Abstract
A Bayesian inference strategy has been used to estimate uncertain inputs to global impurity transport code (GITR) modeling predictions of tungsten erosion and migration in the linear plasma device, PISCES-A. This allows quantification of GITR output uncertainty based on the uncertainties in measured PISCES-A plasma electron density and temperature profiles (n e, T e) used as inputs to GITR. The technique has been applied for comparison to dedicated experiments performed for high (4 × 1022 m-2 s-1) and low (5 × 1021 m-2 s-1) flux 250 eV He-plasma exposed tungsten (W) targets designed to assess the net and gross erosion of tungsten, and corresponding W impurity transport.
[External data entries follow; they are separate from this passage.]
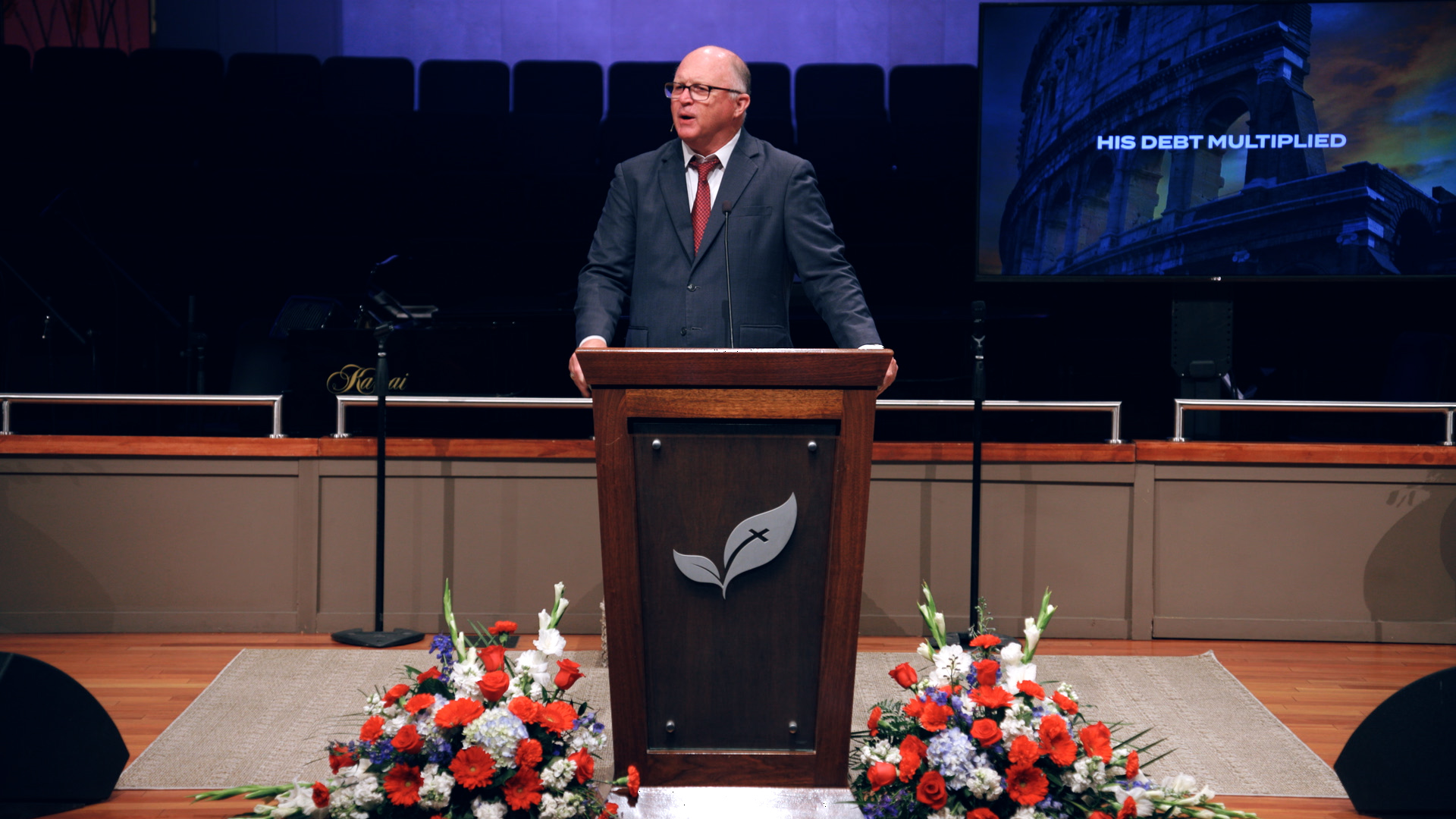 Pastor Paul Chappell: Ready to Preach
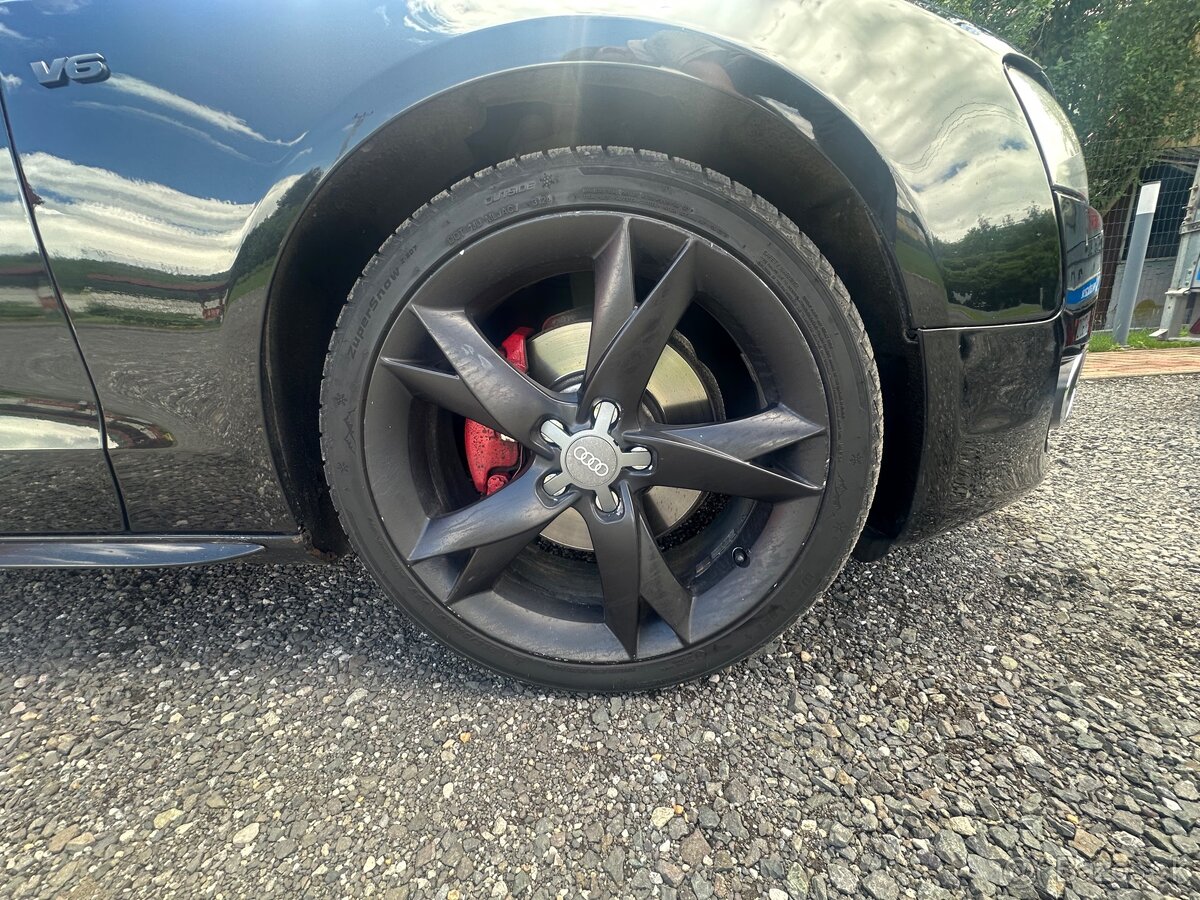 5x112 r19 8J et 30 original audi - 2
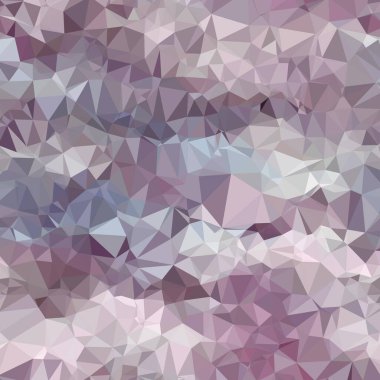 Yüzey deseni ve yazdırma için kusursuz üçgen deseni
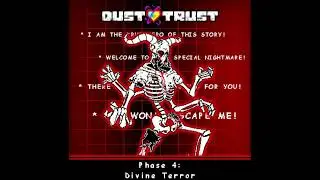 Divine Terror (Cover) [DUSTTRUST]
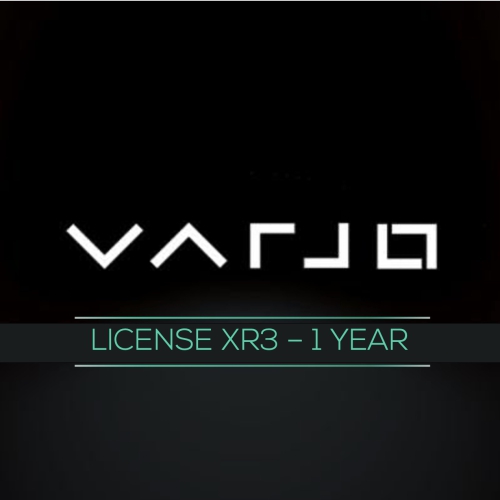 License XR3 1 Year - English version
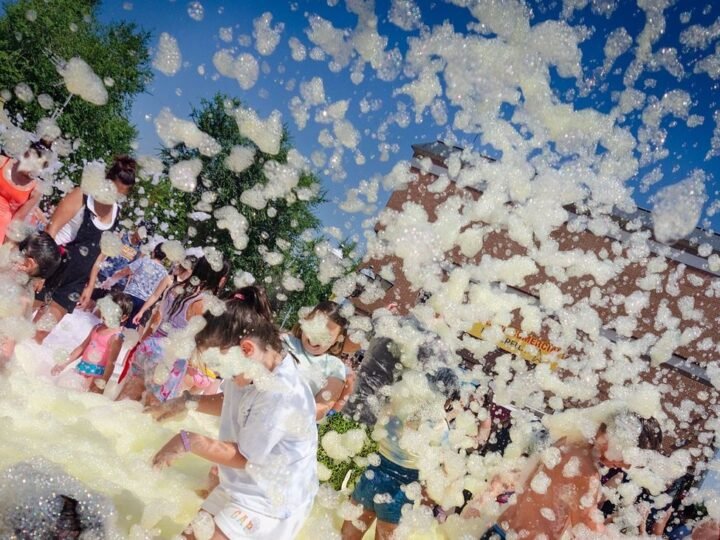 Leganés se vuelca con las fiestas en honor a Nuestra Señora de Butarque y música en vivo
The W target design and orientation, impurity collector, and diagnostics, have been designed to eliminate complexities associated with tokamak divertor plasma exposures (inclined target, mixed plasma species, re-erosion, etc) to benchmark results against the trace impurity transport model simulated by GITR. The simulated results of the erosion, migration, and re-deposition of W during the experiment from the GITR code coupled to materials response models are presented. Specifically, the modeled and experimental W I emission spectroscopy data for a 429.4 nm line and net erosion through the target and collector mass difference measurements are compared. The methodology provides predictions of observable quantities of interest with quantified uncertainty, allowing estimation of moments, together with the sensitivities to plasma temperature and density.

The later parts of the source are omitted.